A market reaching nearly half a trillion dirhams in sales before the end of September is not a normal market. It shows liquidity, confidence, and strong participation from both investors and end-users.
But the headline number does not tell the full story.
The real story is the structure behind the growth.
Off-plan dominated sales volume.
Resale continued delivering strong capital gains.
Mortgage activity increased, but buyers used lower leverage.
Developers kept launching aggressively.
Emerging zones gained momentum.
Mature communities remained liquid, but some started stabilizing.
This is what makes Dubai’s 2025 market important.

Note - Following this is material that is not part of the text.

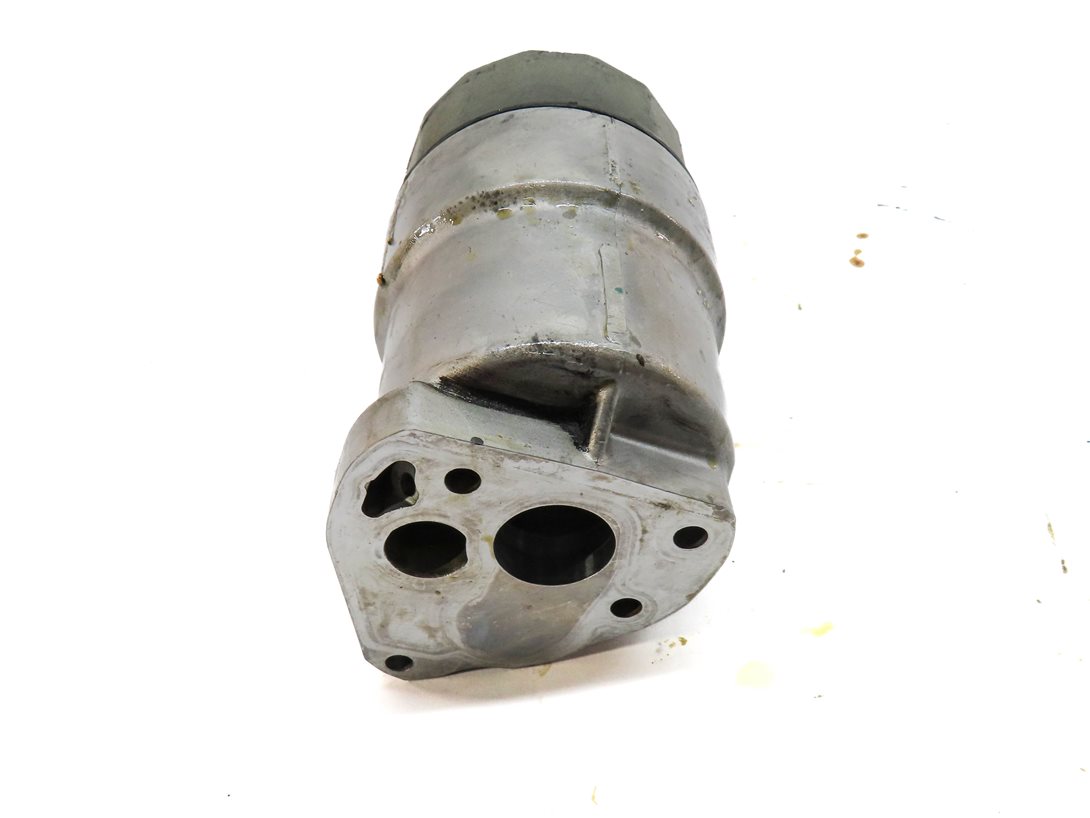 Thumbnail 4: 2012 RANGE ROVER (L322) 5.0L SUPER ENGINE MOTOR OIL FLUID FILTER HOUSING w/ CAP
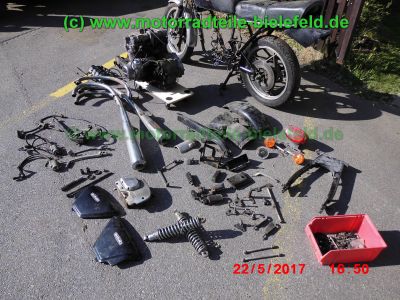 Suzuki_GS550E_4-Zylinder_Oldtimer_original_Auspuff_DGM32575S_Mikuni_Kogyo_Vergaser_Motor_Teile_Ersatzteile_parts_spares_spare-parts_ricambi_repuestos_wie_GS550D_GS750E-6.jpg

It was not only a boom. It was a market evolving into a more complex cycle.
1. Market Snapshot: Nearly Half a Trillion Dirhams in Nine Months
Dubai recorded around AED 499.5 billion in total property sales during the first three quarters of 2025. Transaction volume reached around 158,300 deals, while average price per sqft reached approximately AED 1,600.
This performance was supported by several demand drivers:
• Population growth
• International investor inflows
• Strong rental returns
• Developer payment plans
• End-user confidence
• Dubai’s tax-efficient environment
• Long-term visa and business-friendly reforms
• Continued infrastructure expansion
The market was not driven by one buyer type only. It attracted investors, residents, entrepreneurs, relocating families, and high-net-worth buyers.
That depth is important because broader demand makes the market more resilient than a purely speculative cycle.
2. Off-Plan Remained the Main Growth Engine
Off-plan continued to dominate Dubai’s market during the first nine months of 2025.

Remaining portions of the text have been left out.